==== Dataset excerpt ====
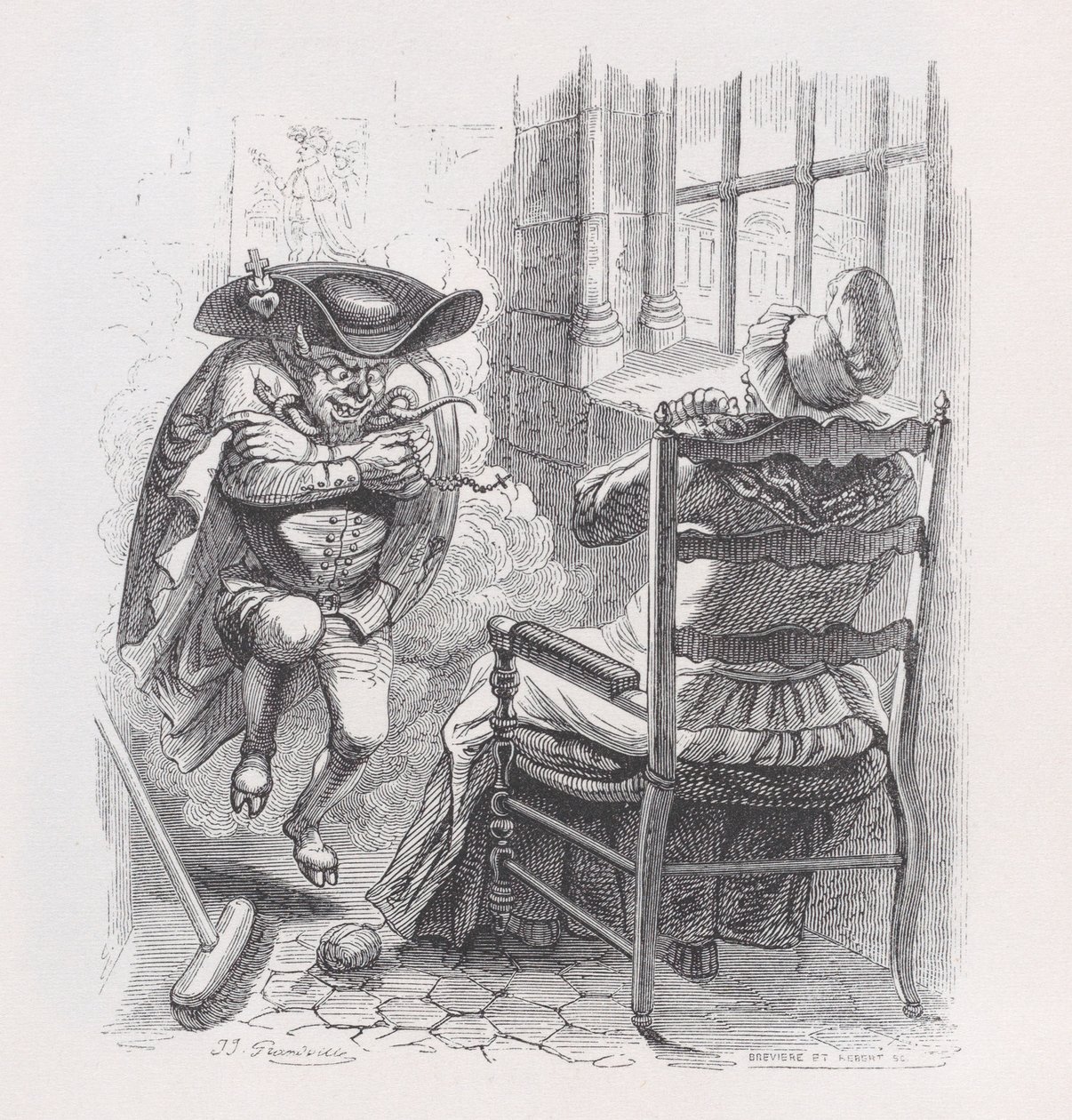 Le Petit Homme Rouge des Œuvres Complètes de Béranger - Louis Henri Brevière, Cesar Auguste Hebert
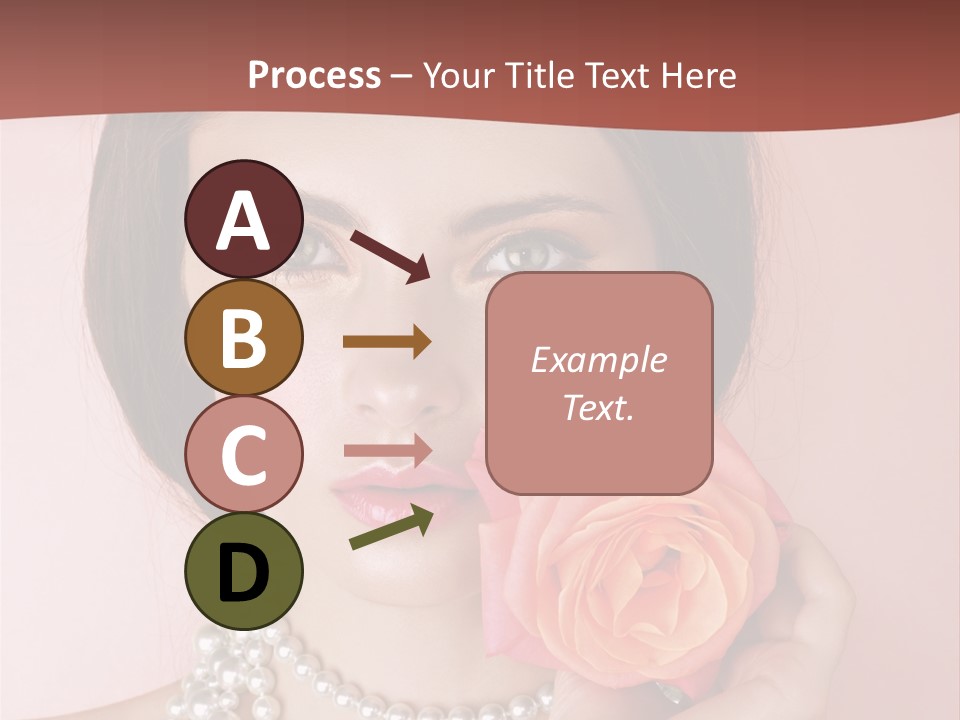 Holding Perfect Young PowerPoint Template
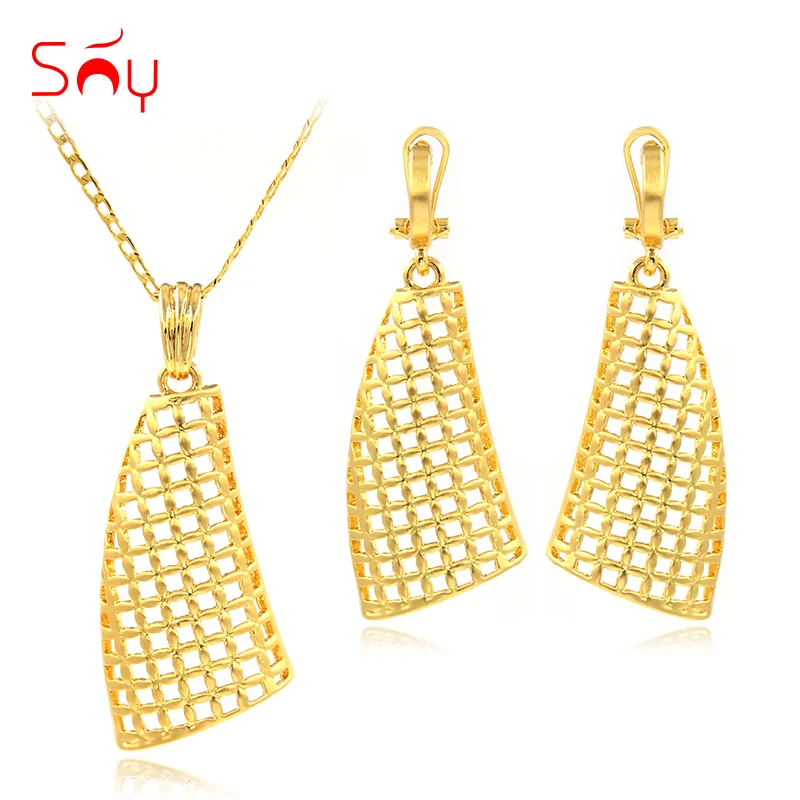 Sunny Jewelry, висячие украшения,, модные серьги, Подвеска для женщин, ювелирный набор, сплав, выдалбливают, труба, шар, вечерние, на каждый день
====
Task directions> No picture belongs in the copy; return the rest of the listing exactly.

Solution for this task>
 Le Petit Homme Rouge des Œuvres Complètes de Béranger - Louis Henri Brevière, Cesar Auguste Hebert
 Holding Perfect Young PowerPoint Template
 Sunny Jewelry, висячие украшения,, модные серьги, Подвеска для женщин, ювелирный набор, сплав, выдалбливают, труба, шар, вечерние, на каждый день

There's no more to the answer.